- _EXERCISE_: The lines from the one with "Savage - Single" through the last line of the material below, copied exactly and free of pictures, make up the whole answer.

- _DATA_:
□ □ □ □
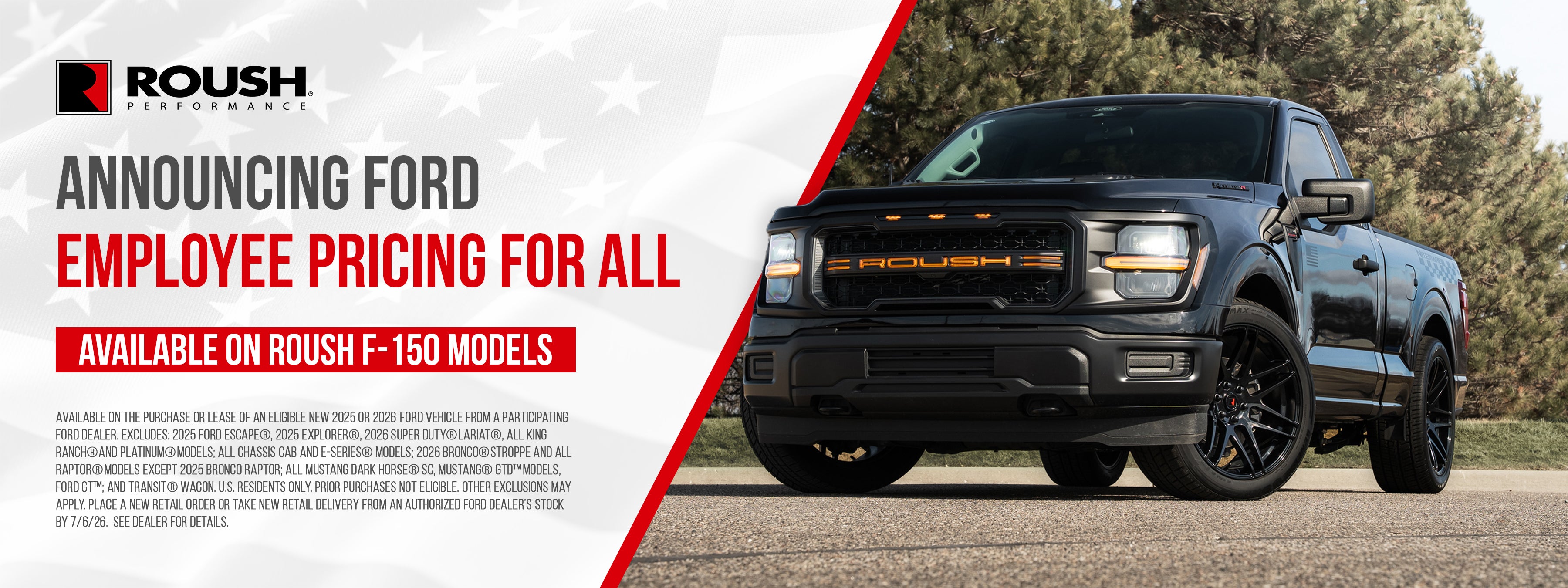 Employee Pricing on Roush F-150 Models Through July 6, 2026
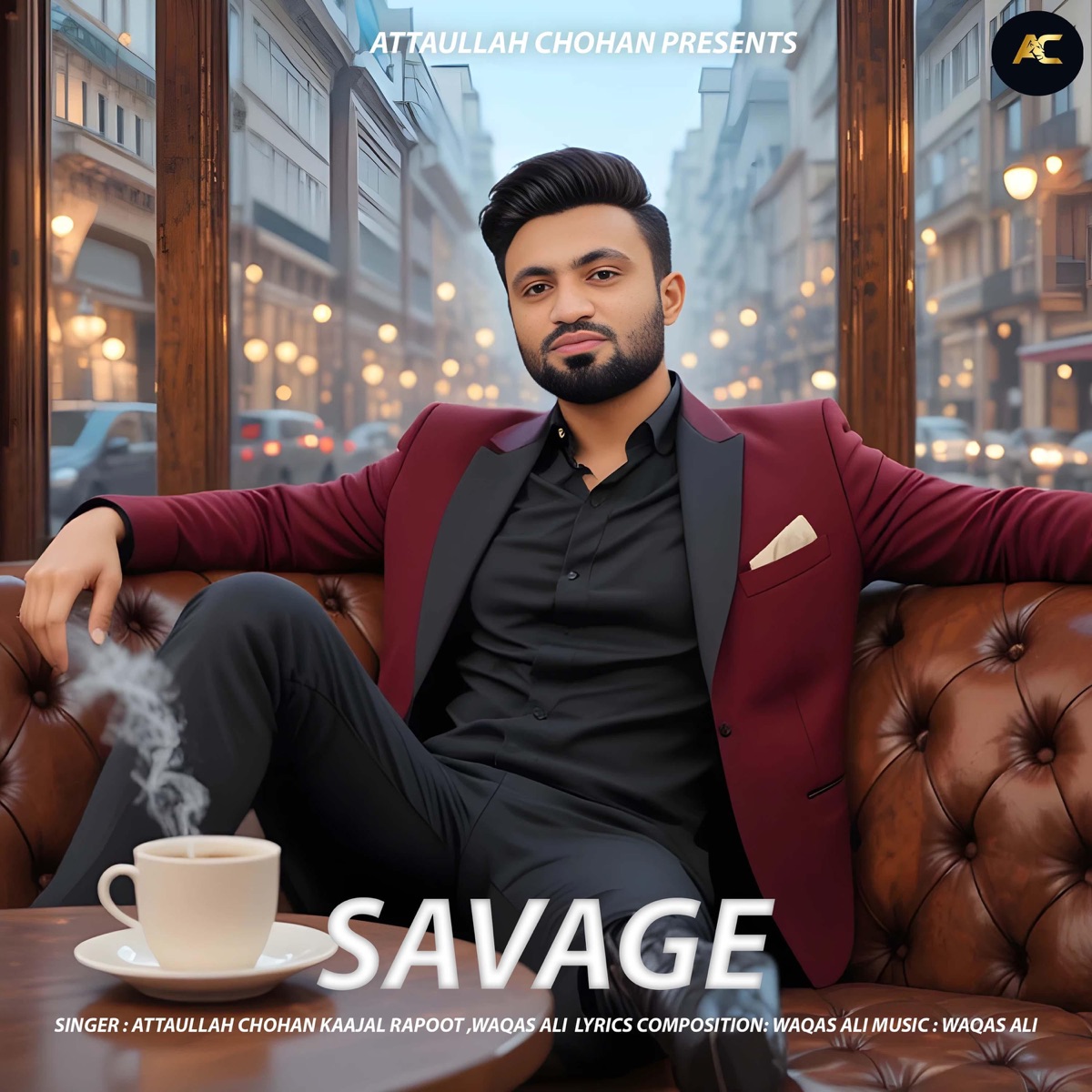 Savage - Single by Attaullah Chohan album cover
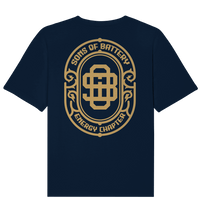 Shirtigo Unisex-Shirts French Navy / XS Sons of Battery - Vintage Logo - Organic Relaxed Shirt E-Bike-Community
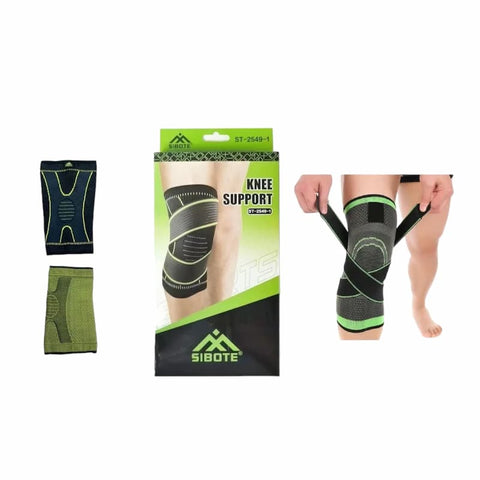 Pack of 2 Sports Knee Support Pads Braces Adjustable Knee Sleeves for Knee Pain Relief 2 Pieces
□ □ □ □
- _RESULT_:
 Savage - Single by Attaullah Chohan album cover
 Shirtigo Unisex-Shirts French Navy / XS Sons of Battery - Vintage Logo - Organic Relaxed Shirt E-Bike-Community
 Pack of 2 Sports Knee Support Pads Braces Adjustable Knee Sleeves for Knee Pain Relief 2 Pieces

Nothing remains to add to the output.